Allah’ın son ve mükemmel kitabı Kur’an’ın bize takdim ettiği Peygamberimiz (s.a.v.) ve O’nun Sünnet’i, şüphesiz ki bizler için çok büyük önem arz eder. Zira Cenab-ı Hakk’ın kendisine vermiş olduğu yetki sayesinde O’nun Sünnet’i dinde hüccettir. Kur’an’dan sonra o gelir. O (s.a.v.), Allah’ın dinini son derece büyük bir özveri içerisinde tebliğ etmiş ve insanlığın kurtuluşu için büyük bir gayret göstermiştir. Allah’ın elçisi melek Cibril O’na gelmiş, ayetleri bizzat getirmiştir. Hayatını ortaya koyarak tebliğini devam ettirirken tehditlere karşı “bir elime ayı, diğer elime de güneşi verecek olsanız, vallahi bu davamdan asla vazgeçmeyeceğim,” diyerek azim ve gayretini ortaya koymuştur. O, Allah’ın insanlığa “rahmet olarak göndermiş” olduğu sevgili ve seçkin Peygamberidir. Salât ve selâm O’nun üzerine olsun.
Durum böyle iken ve “kendisine itaatin Allah’a itaat olduğu” Kur’an-ı Kerim’de defalarca belirtilmişken, O’nun Sünneti'ni hafife almaya çalışan insanlara rastlıyoruz. Şüphesiz ki bu, büyük bir sapıklıktır. Halbuki, Allah’ın Kitabını mü’minlerin elinden alamayacaklarını anlayan Haçlı zihniyeti, Sünnet’e yönelerek ona saldırmaya başlamışlardır. Zira Sünnet’i ortadan kaldıracak olurlarsa, artık Kur’an’la amel etme imkânı kalmayacağını çok iyi biliyorlardı. Hatta onu bile tartışmaya açmayı planladılar. Bunun için Hadislere nice iftiralar atmaya çalıştılar. Bu saldırılarını güya (!) ilmî temellere de oturtmaya çabaladılar.
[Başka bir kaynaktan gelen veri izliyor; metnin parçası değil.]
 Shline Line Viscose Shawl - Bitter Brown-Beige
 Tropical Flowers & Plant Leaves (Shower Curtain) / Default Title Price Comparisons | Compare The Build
Ne yazık ki farklı şekilleriyle de olsa bu yıkıma katılan içimizden nice beyinsiz insanlar da kazandılar. Onlar vasıtasıyla kitap, dergi, gazete, televizyon, internet vb. yayınlarla, zehirlerini halâ kusmaya devam etmektedirler. Bu gerçeği kavrayamayan gafiller ise, bindikleri bu felâket atını sürmeye devam ediyorlar. Tabii ki bu durum, dini ilimlerde cahil olan nice insanımızın yanlış bir yola girmesine sebep olmuştur, olmaya da devam etmektedir.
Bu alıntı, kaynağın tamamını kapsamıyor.